警察が調べを進めると、捜査線上にある人物が浮かんだ。
携帯電話キャリアから取り寄せた通話記録を調べたところ、
失踪当日に4回も紀子さんに電話をかけている男がいたのである。
その男は同年春ごろ、紀子さんの取材を通じて同業者として出会ったが、
「取材に関するやりとりで行き違いがあり、直接謝りたかったので呼び出した。
(発見現場の)駐車場で落ち合い、自分の車に乗せて1〜2時間話をした。
その後、駐車場から少し離れた県道沿いで降ろしたが、別れてからの彼女の行動は何も知らない」と供述している。
この男には当日のアリバイがなかったため、捜査関係者も事件解決に期待を膨らませたが、
目撃者や物的証拠が一切なく、逮捕には至らなかった。
それどころか、99年2月に東京都港区の女性を監禁したとして、"別件逮捕"(東京で起きた事件にもかかわらず
三重県警が拘留)されたが、裁判では無罪。
逆に警察が訴えられる始末となり、それ以降は所轄が手出しできない状況になっているのだ。
もちろん、"彼"が事件に関与しているかどうかは、当事者以外、誰も分からない。
そして、紀子さんが11年の時を経て存命であるのか、それとも......何らかの被害を受けてしまったのか。
三重県は全域で過疎化が進み、都市部から少し車を走らせれば山深く、伊勢港には外国船も頻繁に出入りしている。
そういった事情も災いしてか、失踪・誘拐などの未解決事件はあとを絶たない。
08年9月、紀子さんも"北朝鮮拉致問題"に関わっている可能性があるとして、
民間団体「特定失踪者問題調査会」の0番台リスト(北朝鮮に拉致された疑いを否定できない失踪者)に名前が載せられた。

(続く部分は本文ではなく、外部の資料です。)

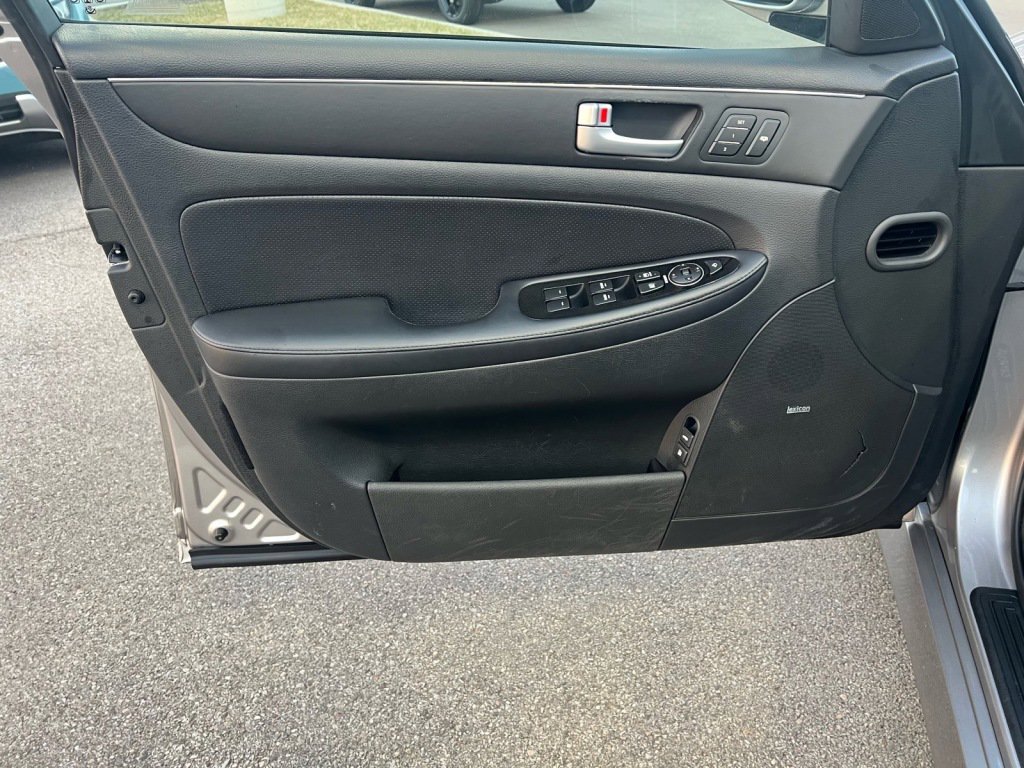 Used 2012 Hyundai Genesis 4.6 image 9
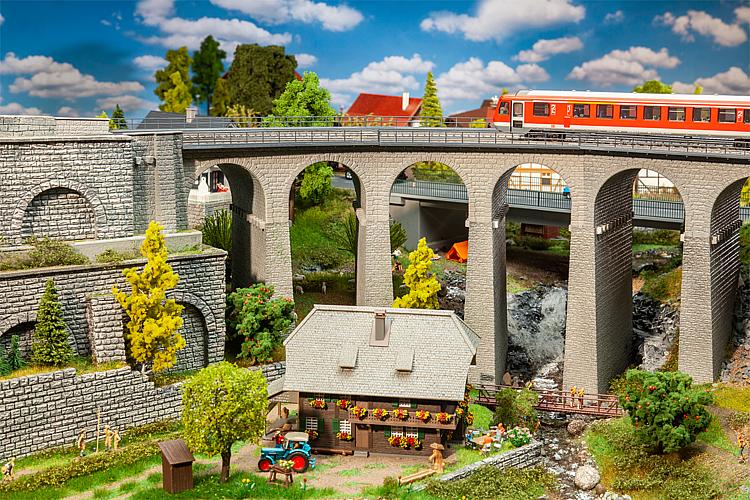 faller-120466-1-gebogenes-Viaduktset-zweigleisig-imposantes-Bauwerk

このことで、ご家族の心情に変化が生じるとは到底思えないが。
紀子さんがいなくなってから3年が経ったころ、家族と友人の呼びかけにより、
彼女が旅を通じてフィルムに収めてきた記録を公開する写真展が開催された。
現在も、その記念碑としてホームページが残されていて、多くのジャーナリストが閲覧し、
紀子さんの学生時代・社会人における活動に賛同の意を表している。
彼女が撒いた"夢と理想"の種は、主人が留守にもかかわらず、大きな実をつけて育ち続けている。